In the material below, find the line with "Brățară Black Pulse" and the line with "Digital Brain Network". Output exactly those two lines and all lines between them, leaving out pictures.
[[ Information provided open ]]
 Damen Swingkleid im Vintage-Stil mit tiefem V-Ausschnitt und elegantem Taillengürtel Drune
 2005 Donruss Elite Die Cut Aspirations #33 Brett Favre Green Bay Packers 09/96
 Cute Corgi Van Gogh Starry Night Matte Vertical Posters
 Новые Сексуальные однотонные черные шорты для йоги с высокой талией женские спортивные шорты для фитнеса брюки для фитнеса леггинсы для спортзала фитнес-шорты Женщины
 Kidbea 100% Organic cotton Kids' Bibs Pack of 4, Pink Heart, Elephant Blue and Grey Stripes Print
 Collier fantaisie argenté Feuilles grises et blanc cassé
[[ Information provided closed ]]
[[ Information provided open ]]
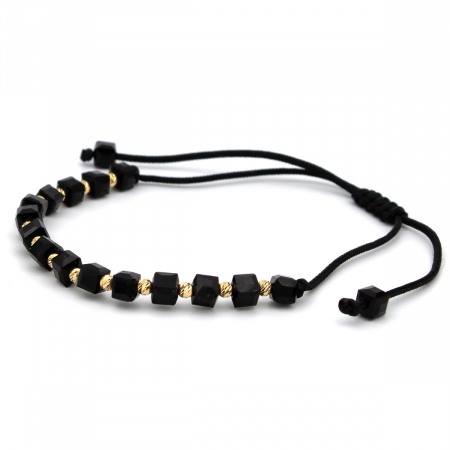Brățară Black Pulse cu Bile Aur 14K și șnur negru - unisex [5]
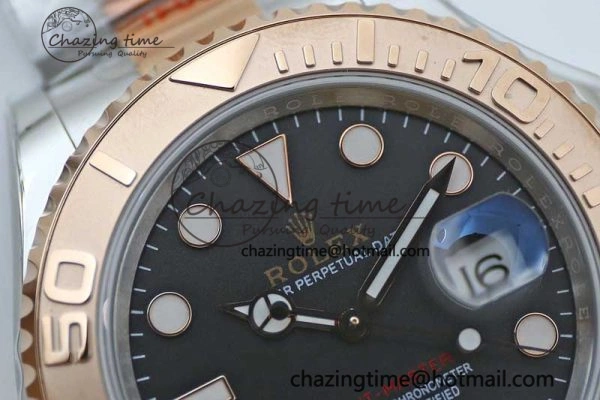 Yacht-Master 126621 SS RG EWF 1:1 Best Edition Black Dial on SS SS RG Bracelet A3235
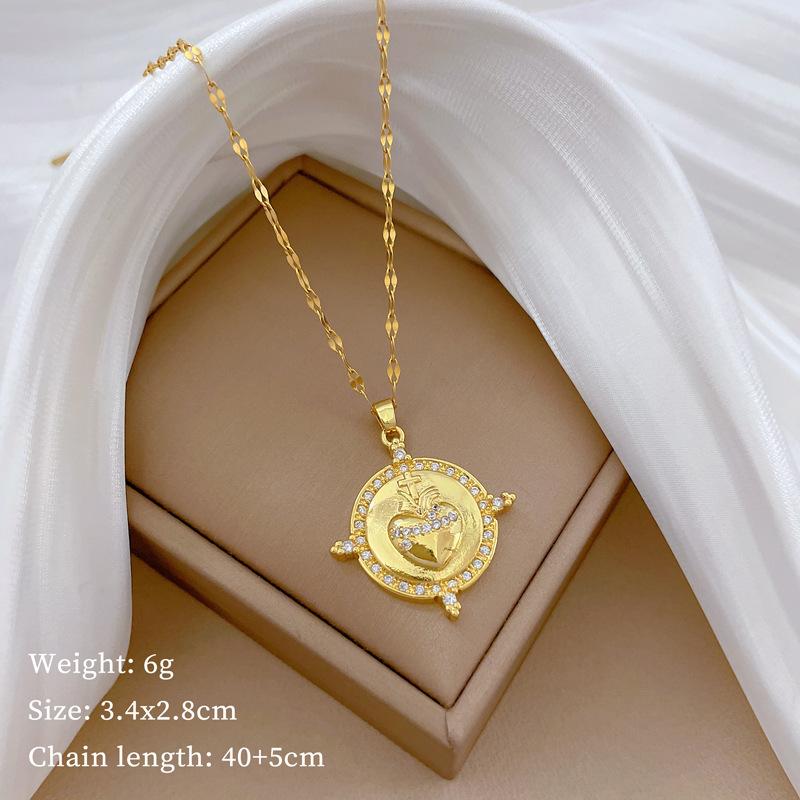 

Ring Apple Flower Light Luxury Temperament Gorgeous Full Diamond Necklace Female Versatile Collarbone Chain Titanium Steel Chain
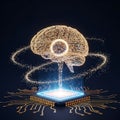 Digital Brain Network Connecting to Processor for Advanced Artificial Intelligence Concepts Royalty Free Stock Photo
[[ Information provided closed ]]
[[ Information provided open ]]
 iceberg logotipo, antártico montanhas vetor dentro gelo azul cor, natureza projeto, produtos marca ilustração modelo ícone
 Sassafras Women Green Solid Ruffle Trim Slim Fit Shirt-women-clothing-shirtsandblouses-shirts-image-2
[[ Information provided closed ]]
## Task result
Brățară Black Pulse cu Bile Aur 14K și șnur negru - unisex [5]
 Yacht-Master 126621 SS RG EWF 1:1 Best Edition Black Dial on SS SS RG Bracelet A3235

Ring Apple Flower Light Luxury Temperament Gorgeous Full Diamond Necklace Female Versatile Collarbone Chain Titanium Steel Chain
 Digital Brain Network Connecting to Processor for Advanced Artificial Intelligence Concepts Royalty Free Stock Photo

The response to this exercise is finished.